To use most SFP+'s with Intel NICs, one has to load ixgbe with allow_unsupported_sfp=1 due to Intel's wanking. Ultimately this isn't a huge deal, but it's still an instance of corporate crap needlessly complicating Free software.


Super annoying behavior indeed.

But thanks to open source, being able to look at the driver and understanding how that SFP check is done, some people at the Serve The Home forum were able to figure out which EEPROM bit needs to be flipped for these cards to accept any and all SFP modules: https://forums.servethehome.com/index.php?threads/patching-i...

I saw that and wrote an automated patcher as a quick python hack to automate that: https://gist.github.com/ixs/dbaac42730dea9bd124f26cbd439c58e


Another popular solution in an environment where you might have to support six different vendors' equipment, some of which is closed source (juniper, etc) and demands certain SFP+ EEPROM codes, from one pool of spare equipment, is to purchase the optics with blank eeproms and a coding box to write the vendor ID code onto them over i2c bus as needed. There's four or five transceiver companies I can think of now which provide the solution to do that.


Don Becker suggests otherwise.


Don Becker had the advantage of working for NASA, a.k.a. the federal government, where everything is automatically public domain. Even classified information developed by the U.S. government isn't copyrighted, it just isn't available (to me, and probably not to you). We owe a great debt of gratitude to Mr. Becker as a true public servant.


That's an interesting point, and one of which I'm well aware.

It wasn't the point being raised, however, which addressed knowledge requirements of writing network interface drivers.



Oh wow... thats a blast from the past.. Wonder what he's up to?

/me runs off to google


If they want to control it they can create their own repo and distribute it on their website. If it's going in the Linux kernel tree it should not be subject to single-handed decisions by a corporation.

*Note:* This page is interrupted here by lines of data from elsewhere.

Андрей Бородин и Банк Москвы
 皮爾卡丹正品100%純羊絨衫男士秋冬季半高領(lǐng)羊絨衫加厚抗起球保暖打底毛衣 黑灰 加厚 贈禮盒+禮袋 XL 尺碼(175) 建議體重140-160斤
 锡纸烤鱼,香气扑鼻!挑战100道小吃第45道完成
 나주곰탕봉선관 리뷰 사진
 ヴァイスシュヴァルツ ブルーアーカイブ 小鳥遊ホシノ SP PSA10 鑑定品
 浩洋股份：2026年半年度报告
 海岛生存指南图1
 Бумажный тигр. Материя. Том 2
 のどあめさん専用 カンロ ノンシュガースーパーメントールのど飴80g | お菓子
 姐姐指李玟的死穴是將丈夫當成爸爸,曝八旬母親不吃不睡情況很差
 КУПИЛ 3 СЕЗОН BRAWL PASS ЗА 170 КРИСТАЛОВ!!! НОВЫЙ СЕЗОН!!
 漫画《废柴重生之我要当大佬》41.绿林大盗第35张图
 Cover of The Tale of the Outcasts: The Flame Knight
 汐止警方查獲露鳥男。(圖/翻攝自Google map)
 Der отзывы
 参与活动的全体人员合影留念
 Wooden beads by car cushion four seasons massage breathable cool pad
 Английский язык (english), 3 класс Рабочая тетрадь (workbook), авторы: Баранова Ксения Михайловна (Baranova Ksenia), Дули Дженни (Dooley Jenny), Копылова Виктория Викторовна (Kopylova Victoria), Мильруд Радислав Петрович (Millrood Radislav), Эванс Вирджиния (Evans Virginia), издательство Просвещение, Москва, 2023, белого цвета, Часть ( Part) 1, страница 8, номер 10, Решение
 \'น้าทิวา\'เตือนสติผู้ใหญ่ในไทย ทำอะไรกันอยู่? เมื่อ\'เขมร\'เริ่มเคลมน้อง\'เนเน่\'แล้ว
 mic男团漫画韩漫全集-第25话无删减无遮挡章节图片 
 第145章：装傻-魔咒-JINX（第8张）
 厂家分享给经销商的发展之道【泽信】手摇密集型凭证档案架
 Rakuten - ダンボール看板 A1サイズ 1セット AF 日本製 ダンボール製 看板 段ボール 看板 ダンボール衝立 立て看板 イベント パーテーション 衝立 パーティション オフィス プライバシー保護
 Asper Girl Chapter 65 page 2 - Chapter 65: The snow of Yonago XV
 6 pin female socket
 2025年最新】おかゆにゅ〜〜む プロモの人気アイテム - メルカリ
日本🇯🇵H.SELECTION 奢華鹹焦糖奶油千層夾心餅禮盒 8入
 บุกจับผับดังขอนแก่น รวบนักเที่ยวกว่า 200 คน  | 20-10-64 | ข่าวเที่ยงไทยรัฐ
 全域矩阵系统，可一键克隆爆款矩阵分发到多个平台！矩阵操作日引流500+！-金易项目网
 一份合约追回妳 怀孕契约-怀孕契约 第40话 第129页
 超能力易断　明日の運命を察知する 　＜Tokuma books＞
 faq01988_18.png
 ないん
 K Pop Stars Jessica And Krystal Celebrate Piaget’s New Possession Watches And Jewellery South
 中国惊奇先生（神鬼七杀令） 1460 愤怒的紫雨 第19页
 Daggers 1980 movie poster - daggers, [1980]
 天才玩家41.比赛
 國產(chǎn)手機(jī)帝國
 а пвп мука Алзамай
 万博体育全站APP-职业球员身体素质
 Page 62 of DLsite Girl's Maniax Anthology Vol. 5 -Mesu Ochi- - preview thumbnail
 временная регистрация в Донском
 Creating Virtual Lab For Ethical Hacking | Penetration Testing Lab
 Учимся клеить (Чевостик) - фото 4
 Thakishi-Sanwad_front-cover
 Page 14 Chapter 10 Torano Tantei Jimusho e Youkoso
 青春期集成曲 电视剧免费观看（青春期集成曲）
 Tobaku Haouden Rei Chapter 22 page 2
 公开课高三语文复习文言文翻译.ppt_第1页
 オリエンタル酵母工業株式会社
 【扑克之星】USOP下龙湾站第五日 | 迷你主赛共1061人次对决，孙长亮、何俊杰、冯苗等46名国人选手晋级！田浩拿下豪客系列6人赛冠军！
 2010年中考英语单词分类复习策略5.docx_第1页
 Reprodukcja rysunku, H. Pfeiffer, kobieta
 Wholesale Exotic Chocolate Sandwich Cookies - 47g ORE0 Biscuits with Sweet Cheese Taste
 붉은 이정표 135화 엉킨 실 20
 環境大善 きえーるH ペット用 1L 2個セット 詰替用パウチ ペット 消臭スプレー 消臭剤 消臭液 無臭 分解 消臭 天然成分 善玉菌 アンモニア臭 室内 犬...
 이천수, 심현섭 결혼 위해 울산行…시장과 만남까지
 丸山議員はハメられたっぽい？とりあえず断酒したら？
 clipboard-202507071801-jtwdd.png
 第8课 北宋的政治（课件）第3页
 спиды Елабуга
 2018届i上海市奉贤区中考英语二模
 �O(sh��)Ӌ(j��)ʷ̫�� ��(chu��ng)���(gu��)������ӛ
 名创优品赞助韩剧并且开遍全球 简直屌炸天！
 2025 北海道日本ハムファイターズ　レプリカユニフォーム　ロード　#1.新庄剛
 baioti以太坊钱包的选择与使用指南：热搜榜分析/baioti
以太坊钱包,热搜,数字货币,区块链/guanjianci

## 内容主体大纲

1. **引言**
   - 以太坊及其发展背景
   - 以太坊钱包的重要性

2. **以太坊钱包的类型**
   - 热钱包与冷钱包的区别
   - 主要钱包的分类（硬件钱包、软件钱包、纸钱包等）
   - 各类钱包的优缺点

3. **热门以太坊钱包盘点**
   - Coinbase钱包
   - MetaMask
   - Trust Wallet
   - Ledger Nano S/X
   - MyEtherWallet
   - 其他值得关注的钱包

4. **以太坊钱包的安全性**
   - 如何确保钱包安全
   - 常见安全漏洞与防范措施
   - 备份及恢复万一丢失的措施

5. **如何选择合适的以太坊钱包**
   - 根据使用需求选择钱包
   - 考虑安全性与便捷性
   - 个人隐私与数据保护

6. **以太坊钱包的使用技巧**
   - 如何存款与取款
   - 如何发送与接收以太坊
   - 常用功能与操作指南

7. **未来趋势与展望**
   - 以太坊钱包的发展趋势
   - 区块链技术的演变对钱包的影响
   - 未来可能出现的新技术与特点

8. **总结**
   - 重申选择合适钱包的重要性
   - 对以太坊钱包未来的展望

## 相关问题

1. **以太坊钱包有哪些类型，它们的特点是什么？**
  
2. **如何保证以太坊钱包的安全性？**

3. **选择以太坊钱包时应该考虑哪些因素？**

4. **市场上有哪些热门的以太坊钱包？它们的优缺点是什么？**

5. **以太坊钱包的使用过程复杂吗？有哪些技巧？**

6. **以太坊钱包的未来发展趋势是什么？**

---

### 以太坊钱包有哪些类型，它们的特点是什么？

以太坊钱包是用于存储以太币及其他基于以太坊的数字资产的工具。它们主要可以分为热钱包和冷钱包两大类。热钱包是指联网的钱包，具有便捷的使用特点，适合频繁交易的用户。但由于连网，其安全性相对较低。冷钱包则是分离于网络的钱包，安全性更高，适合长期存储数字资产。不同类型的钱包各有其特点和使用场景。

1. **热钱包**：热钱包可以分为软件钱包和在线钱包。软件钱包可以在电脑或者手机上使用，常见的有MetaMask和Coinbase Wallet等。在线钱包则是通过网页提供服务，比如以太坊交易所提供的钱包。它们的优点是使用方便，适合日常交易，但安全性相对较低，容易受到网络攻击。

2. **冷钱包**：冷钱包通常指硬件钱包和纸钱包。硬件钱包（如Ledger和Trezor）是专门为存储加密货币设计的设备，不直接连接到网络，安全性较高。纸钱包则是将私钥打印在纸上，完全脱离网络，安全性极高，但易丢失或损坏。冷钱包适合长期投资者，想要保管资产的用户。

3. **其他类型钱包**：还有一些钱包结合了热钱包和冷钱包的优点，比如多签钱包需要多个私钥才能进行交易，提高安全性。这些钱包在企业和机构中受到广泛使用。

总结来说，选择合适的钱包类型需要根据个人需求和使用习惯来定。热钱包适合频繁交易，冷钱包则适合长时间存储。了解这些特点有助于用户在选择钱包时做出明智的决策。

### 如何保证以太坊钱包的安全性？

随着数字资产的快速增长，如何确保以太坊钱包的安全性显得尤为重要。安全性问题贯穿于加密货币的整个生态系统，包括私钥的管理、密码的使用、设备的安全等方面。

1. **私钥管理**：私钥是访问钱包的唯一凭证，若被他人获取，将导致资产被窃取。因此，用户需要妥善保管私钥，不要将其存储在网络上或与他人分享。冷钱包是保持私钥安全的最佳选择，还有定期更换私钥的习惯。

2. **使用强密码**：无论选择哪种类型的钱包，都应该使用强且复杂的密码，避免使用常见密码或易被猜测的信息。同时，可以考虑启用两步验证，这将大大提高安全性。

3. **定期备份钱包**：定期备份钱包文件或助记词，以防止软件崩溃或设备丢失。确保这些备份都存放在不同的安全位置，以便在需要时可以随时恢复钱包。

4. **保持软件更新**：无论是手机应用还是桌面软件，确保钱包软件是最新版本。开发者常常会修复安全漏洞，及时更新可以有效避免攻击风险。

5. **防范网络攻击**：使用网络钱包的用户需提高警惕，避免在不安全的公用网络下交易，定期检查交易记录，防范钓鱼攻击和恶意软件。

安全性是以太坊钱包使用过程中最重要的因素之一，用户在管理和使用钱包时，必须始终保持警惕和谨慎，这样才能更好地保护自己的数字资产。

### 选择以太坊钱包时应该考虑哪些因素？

This person can also quit IBM, therefore being subject to no contractual obligation, and then change the "IBM Power SRIOV Virtual NIC Device Driver" entirely free of constraint as long as their code pass review. IBM has no control over the code, only the people it pays to change it.


That's not quite right. If IBM is listed as maintainers for this driver, then any patches would necessarily go through them to end up in the mainline tree. And they could decide to reject patches from the person in question.

Although if this happened and legitimate code was rejected by IBM, what could happen is a community backlash against IBM as a maintainer and the code could enter that way.


People higher up the directory tree can effectively override subdirectory maintainers, all the way up to Linus at the top.


> This person can also quit IBM, therefore being subject to no contractual obligation, and then change the "IBM Power SRIOV Virtual NIC Device Driver" entirely free

I'd assume the person has received confidential information about the IBM technology in question during his employment. Of course the Linux driver is open source so it cannot be a business secret. But typically there is much more knowledge than just the Linux source code. Using business secrets after your employment is most likely enforcable in many legislations. Damages or criminal charges or both.


That's a fair point about clean room implementation. However, I can see IBM shooting themselves in the foot suing a kernel developer over an email address change, if said developer quits beforehand.

Such an action would only decrease developer goodwill towards IBM. Needless to say, IBM is already not one of the "cool" companies to work for.


not really.

there is this stipulation of using a clean room in which to introduce your idea in order not to be sued for “stealing” intellectual property.

And often times, the same person cannot be used in that clean room.


Nonsensical yes, but it would also be pretty awesome.


That being said, the last thing I would do is work with something related to this company without being paid for it.